▶ _WHAT TO PRODUCE_
In the records below, find the line with "hyperopia (farsightedness).. Fotosearch", then copy each line exactly until you have copied the line with "COL1A1 / Collagen I Alpha 1 Protein". Leave any picture out.

▶ _THE DATA_

----

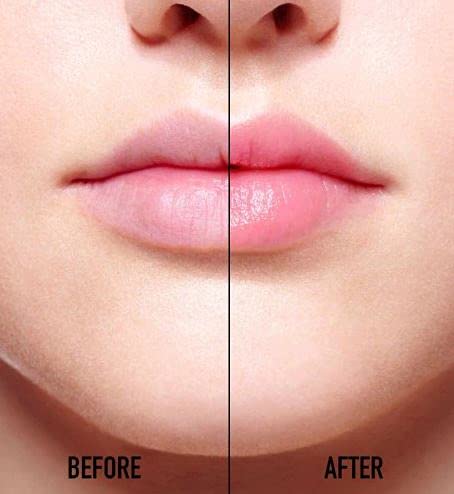 Crazy Lips Moisturizing Lip Balm - 12 Pack Multi-Flavor Glossy Lip Care (4.5g Each) for Dry, Chapped Lips - Perfect for Daily Hydration, Winter Protection & On-The-Go Use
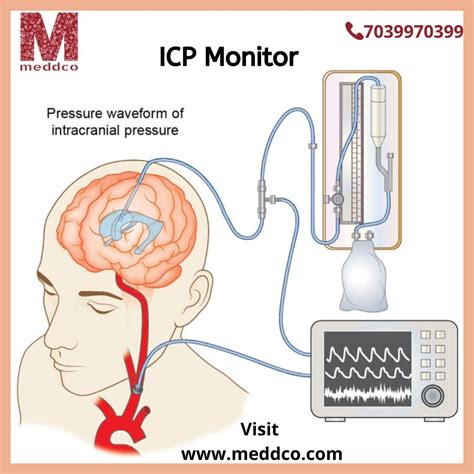 Placement Of Icp Monitor An Overview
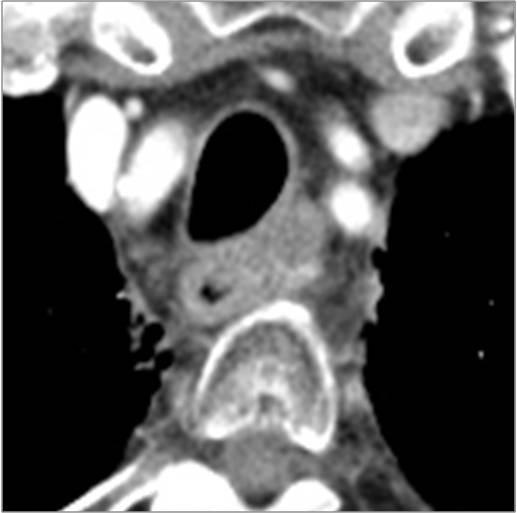 Hwang et al. A B C Fig. 4. Standard dose contrast enhanced-chest CT in 77-year-old man (BMI, 22 kg/m 2 ) with esophageal cancer.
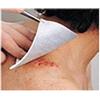 Lohmann & Rauscher Medicazione Tracheostomia Metalline Sterile 8x9cm 50 Pezzi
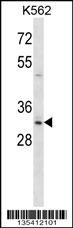 Hoxb8 Antibody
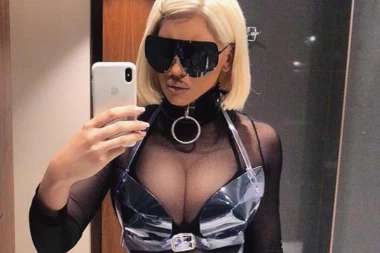 Karleuša pokazala opekotine od Sunca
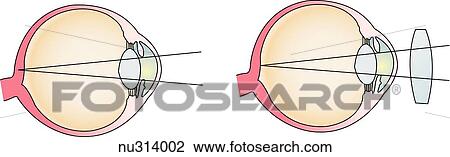 Illustration demonstrating how corrective lenses aid in seeing. Convex lens are used to correct hyperopia (farsightedness). View Large Illustration Drawing - Illustration demonstrating how corrective lenses aid in seeing. Convex lens are used to correct hyperopia (farsightedness).. Fotosearch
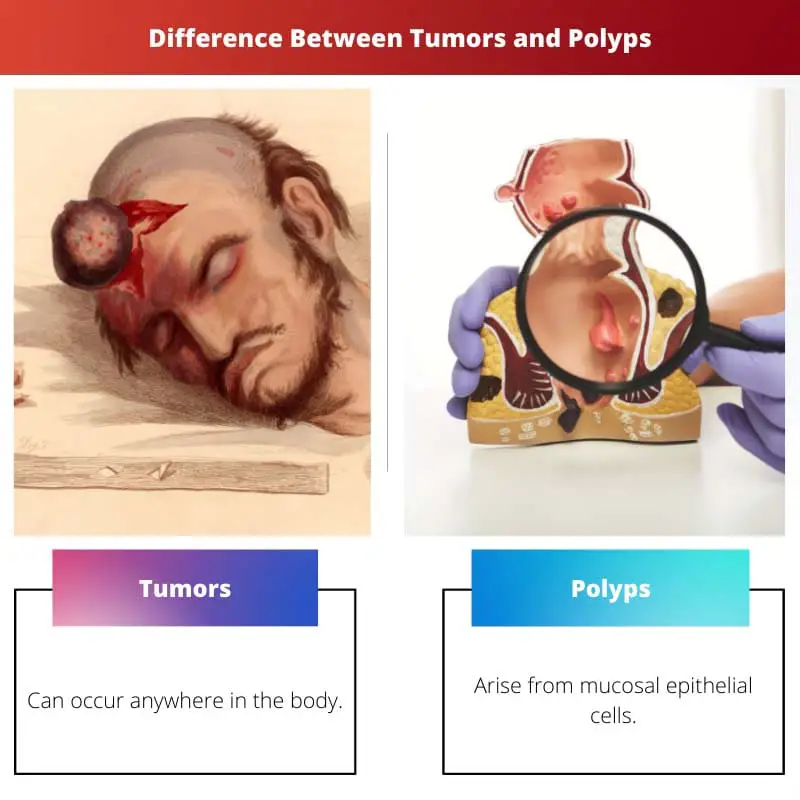 Difference Between Tumors and Polyps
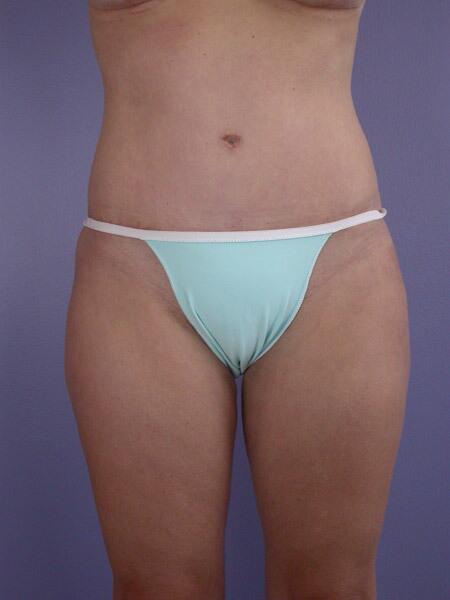 Liposuction Before & After Image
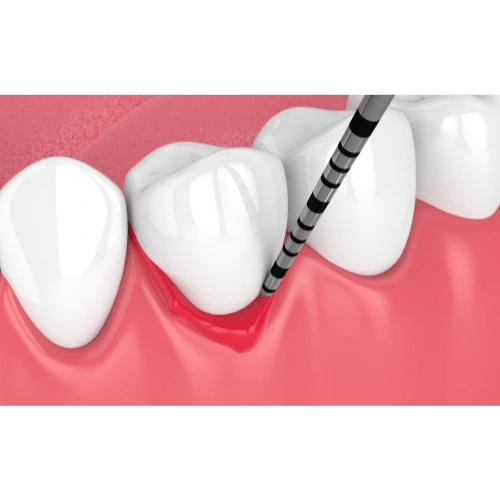 ilustracija za čišćenje parodontalnih džepova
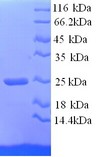 COL1A1 / Collagen I Alpha 1 Protein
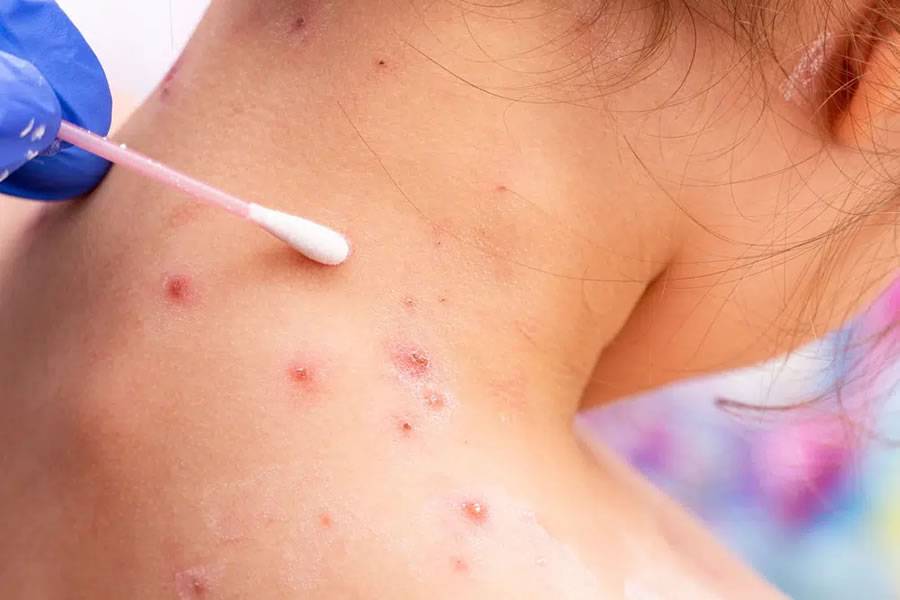 First Monkeypox case is confirmed in the Canary Islands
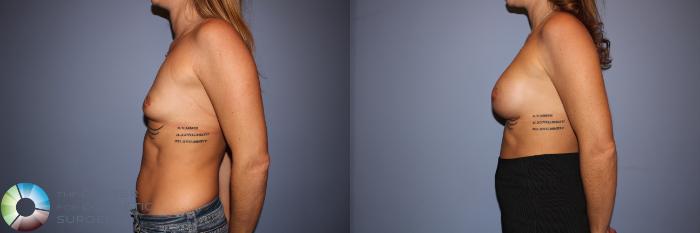 Before & After Motiva Implants® Case 12150 Left Side in Denver and Colorado Springs, CO
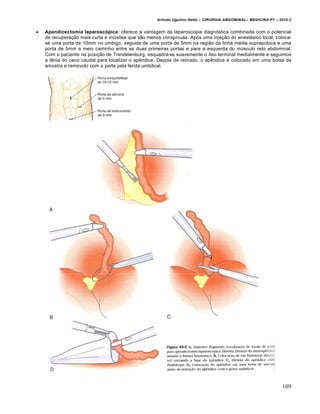 Arlindo Ugulino Netto – CIRURGIA ABDOMINAL– MEDICINA P7 – 2010.2
109
 Apendicectomia laparoscópica: oferece a vantagem da laparoscopia diagnóstica combinada com o potencial
de recuperação mais curta e incisões que são menos conspícuas. Após uma injeção do anestésico local, coloca-
se uma porta de 10mm no umbigo, seguida de uma porta de 5mm na região da linha média suprapúbica e uma
porta de 5mm a meio caminho entre as duas primeiras portas e para a esquerda do músculo reto abdominal.
Com o paciente na posição de Trendelenburg, esquadra-se suavemente o íleo terminal medialmente e seguimos
a tênia do ceco caudal para localizar o apêndice. Depois de retirado, o apêndice é colocado em uma bolsa de
amostra e removido com a porta pela ferida umbilical.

----

▶ _RESPONSE BOX_
 Illustration demonstrating how corrective lenses aid in seeing. Convex lens are used to correct hyperopia (farsightedness). View Large Illustration Drawing - Illustration demonstrating how corrective lenses aid in seeing. Convex lens are used to correct hyperopia (farsightedness).. Fotosearch
 Difference Between Tumors and Polyps
 Liposuction Before & After Image
 ilustracija za čišćenje parodontalnih džepova
 COL1A1 / Collagen I Alpha 1 Protein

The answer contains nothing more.